La complexité de la fonction présidentielle exige de Macky Sall une tempérance (postures mixtes) dont nous, sans charge publique, sommes exempts dans nos sentences souvent dogmatiques. Les exigences de recul et l’obligation de moyens sinon de résultats l’obligent à ménager bien des susceptibilités tant au niveau supranational qu’à l’intérieur du pays. Pas sûr qu’à sa place, un autre, lucide et avisé, aurait fait différemment sans hypothéquer le parapluie de sécurité et de défense.
Le discours sur la liberté d’expression constitue un plaidoyer de résistance contre l’intolérance intégriste. C’est une chose que de s’y identifier pour sa portée de lutte contre l’islamisation politique, c’est une autre chose que de s’approprier les injures à l’origine de l’événement. Macky Sall s’inscrit, dans une logique de solidarité, investissement politique. C’est excessif et perfide que de lui prêter une allure de promoteur des caricatures manifestement islamophobes. La responsabilité lie l’autorité et l’accule souvent dans de fines nuances.
Nous pouvons regretter une force panafricaine capable de faire face à la menace terroriste, mais toujours est-il que le Sénégal ne peut compter que sur des forces étrangères notamment celles françaises pour repousser d’éventuelles agressions islamistes d’envergure. Le cas récent du Mali le confirme bel et bien. Se résigner, certainement pas. Mais en attendant de réunir concrètement les conditions du sursaut, attelons-nous à leur réalisation tout en protégeant nos arrières. Il y va de notre survie.

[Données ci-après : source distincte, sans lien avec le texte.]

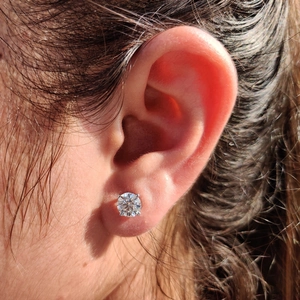 Macro shot of 925 silver moissanite stud earring with classic four-prong setting on ear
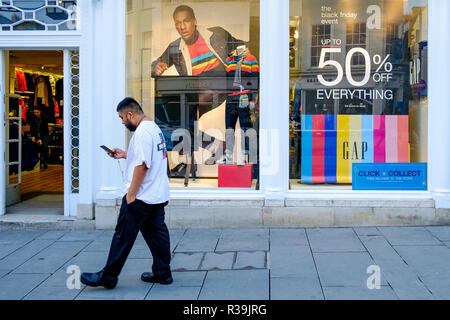 Bath, UK. 22nd November, 2018. With Black Friday sales due to start on Friday, a man is pictured as he walks past a store in the centre of Bath,UK. Credit: Lynchpics/Alamy Live News Stock Photo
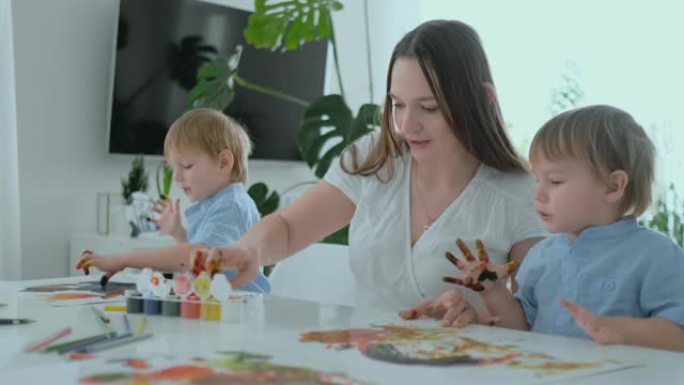 妈妈帮助她的儿子们培养创造性的技能，并与他们一起在手指的帮助下创作绘画颜料。儿童发展。创意家庭。慈爱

La Politique ne peut se dérouler qu’à partir de la réalité. Faute de quoi, elle s’engage dans la spéculation, charrie en populisme et installe le chaos. Le cynisme ordinaire, les offres prétentieuses d’intellectuels et les enchères politico-religieuses viennent exacerber les contradictions entre notre volonté d’affirmation et notre condition d’indigence. Chacun y va de ses intérêts, de ses humeurs et des évènements sans se soucier du mouvement d’ensemble. La gestion des affaires publiques place l’autorité aux niveaux d’information et d’implication à lui couper des connivences quelconques.
C’est une chose que de déplorer notre position de faiblesse dans le jeu des relations avec l’occident, c’est une autre chose que de reconnaître, pour s’en plaindre s’il le faut, l’étroitesse de nos marges de manœuvre. Macky Sall est pris à offrir des parcelles de souveraineté (image de compromission) pour des garanties de protection et de providence. Ce n’est pas lui qui est en cause, c’est notre niveau d’organisation qui nous accable. Oui, ce sont les impératifs de gouvernance, stabilité, sécurité et survie, qui l’exigent. Malheureusement, plus de 50 ans après les indépendances, on en est là, indépendants mais toujours pas libres.